## Abstract

Nowadays, the proliferation of heterogeneous data sources provided by different research and innovation projects and initiatives is proliferating more and more and presents huge opportunities. These developments create an increase in the number of different data sources, which could be involved in the process of decision-making for a specific purpose, but this huge heterogeneity makes this task difficult. Traditionally, the expert systems try to integrate all information into a main database, but, sometimes, this information is not easily available, or its integration with other databases is very problematic. In this case, it is essential to establish procedures that make a metadata distributed integration for them. This process provides a “mapping” of available information, but it is only at logic level. Thus, on a physical level, the data is still distributed into several resources. In this sense, this chapter proposes a distributed rule engine extension (DREE) based on edge computing that makes an integration of metadata provided by different heterogeneous data sources, applying then a mathematical decomposition over the antecedent of rules. The use of the proposed rule engine increases the efficiency and the capability of rule-based expert systems, providing the possibility of applying these rules over distributed and heterogeneous data sources, increasing the size of data sets that could be involved in the decision-making process.

### Keywords

- rule-based expert system
- inference engine
- heterogeneous data source integration
- distributed data sources

## 1. Introduction

The expert systems (ESs) are one of the most traditional artificial intelligence techniques [1], providing the possibility of implementing systems which allow us to solve problems in a limited domain. However, the variety and possibilities of ESs have improved in the last years with the combination of them with other technologies such as fuzzy logic [2], Bayesian network [3], etc. Moreover, several languages and tools have been developed to provide faster developments (e.g., CLIPS, LISP, PROLOG, etc.) and deployments. Other systems are improved in collaboration with other technologies in order to expand the domain of problems and increase the knowledge base. As example, [4] improves the capabilities of an ES adding text mining, neural networks, and statistical techniques.
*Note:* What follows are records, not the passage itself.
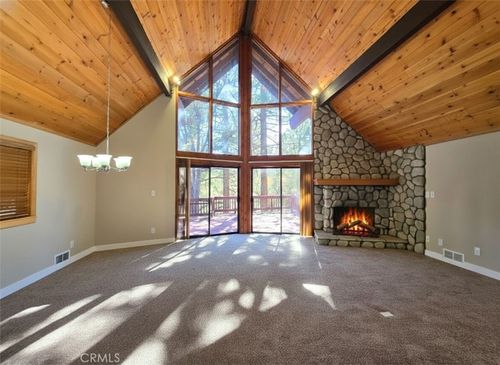 33207 Juniper Ln, Green Valley Lake, CA, 92341 | Card Image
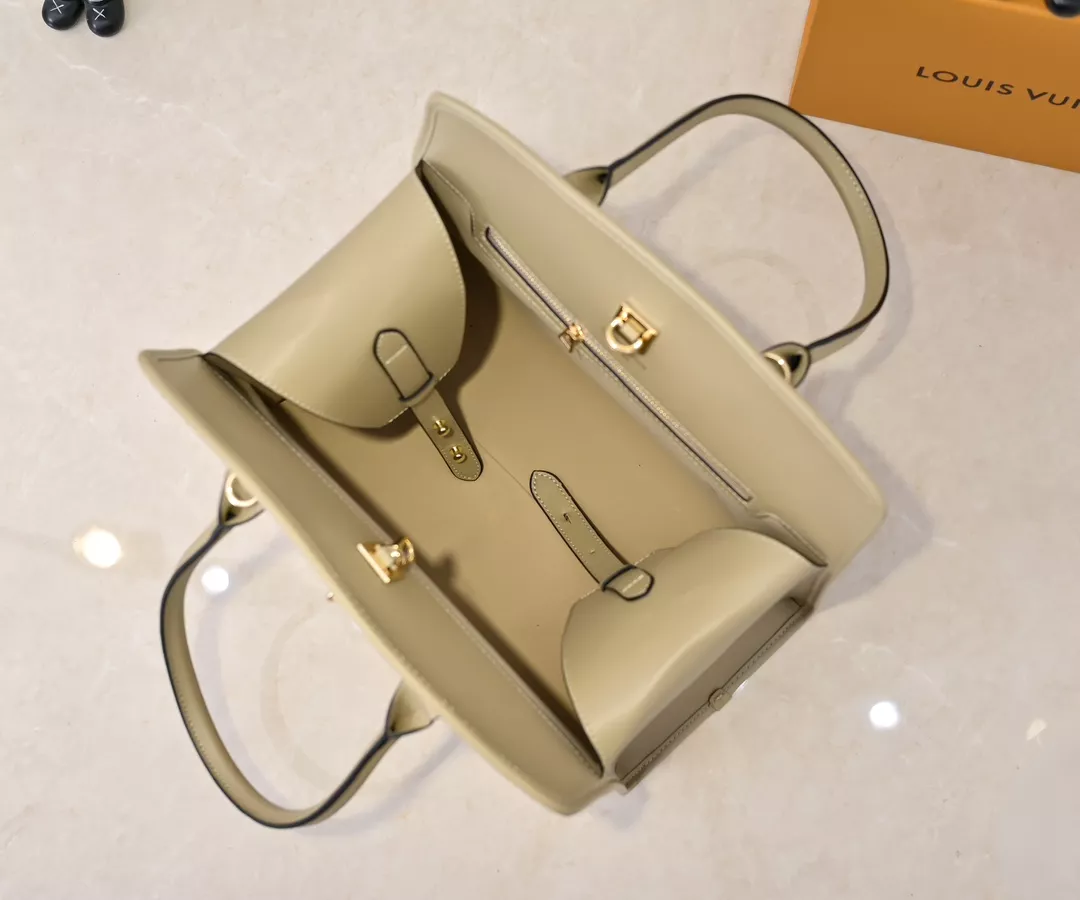 Louis Vuitton AAA Quality Handbags For Women Trendy 8445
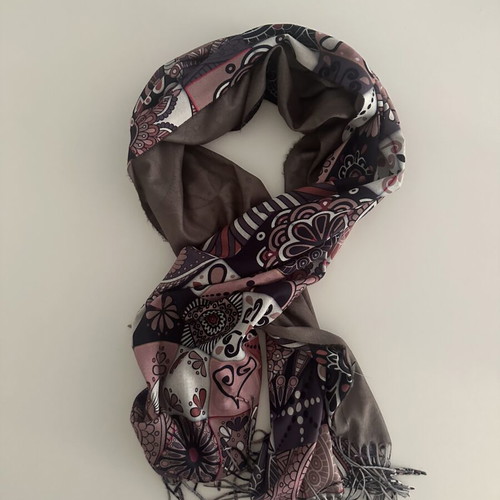 Double-Sided Scarf 72x200 cm new with mandala designs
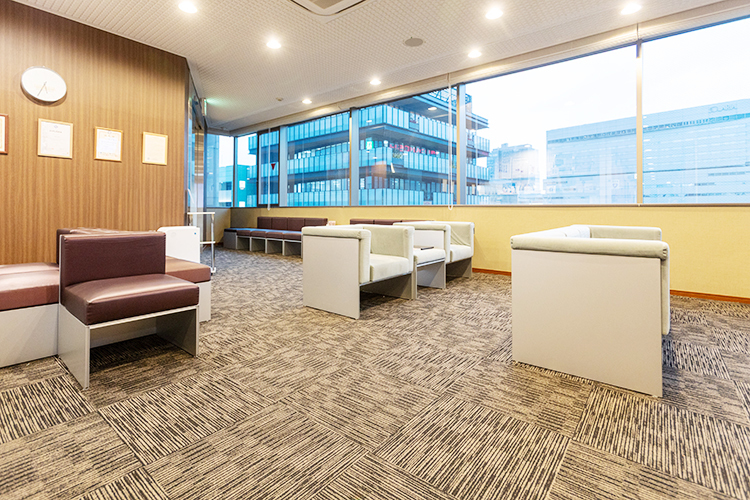 医療法人 天神総合クリニック 福岡市中央区 大きな窓から日差しがたっぷり入る温かい雰囲気の待合室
On the one hand, the scope of ES application is very extensive, including health [5], education [6], physics [7], chemical [8], mechanics [9], etc. Thus, the application of ES is not only restricted to solve the problem, they usually include an explaining engine, which could be used for educational purposes, operating at the same time.

The ESs have a limited domain, and the size of used data sets is smaller than in other artificial intelligence techniques. However, the improvement of availability of information, new concepts related to sensor networks, and the capability to generate and consume information in different sectors provide a different scenario, in which the ESs traditionally had a lot of information disseminated into different information resources. Although each information resources could have its own structure, the stored information could be very similar. In this scenario, it is essential to make the analysis of the distributed data sets and apply the different rules and inference engines in these distributed data sets possible.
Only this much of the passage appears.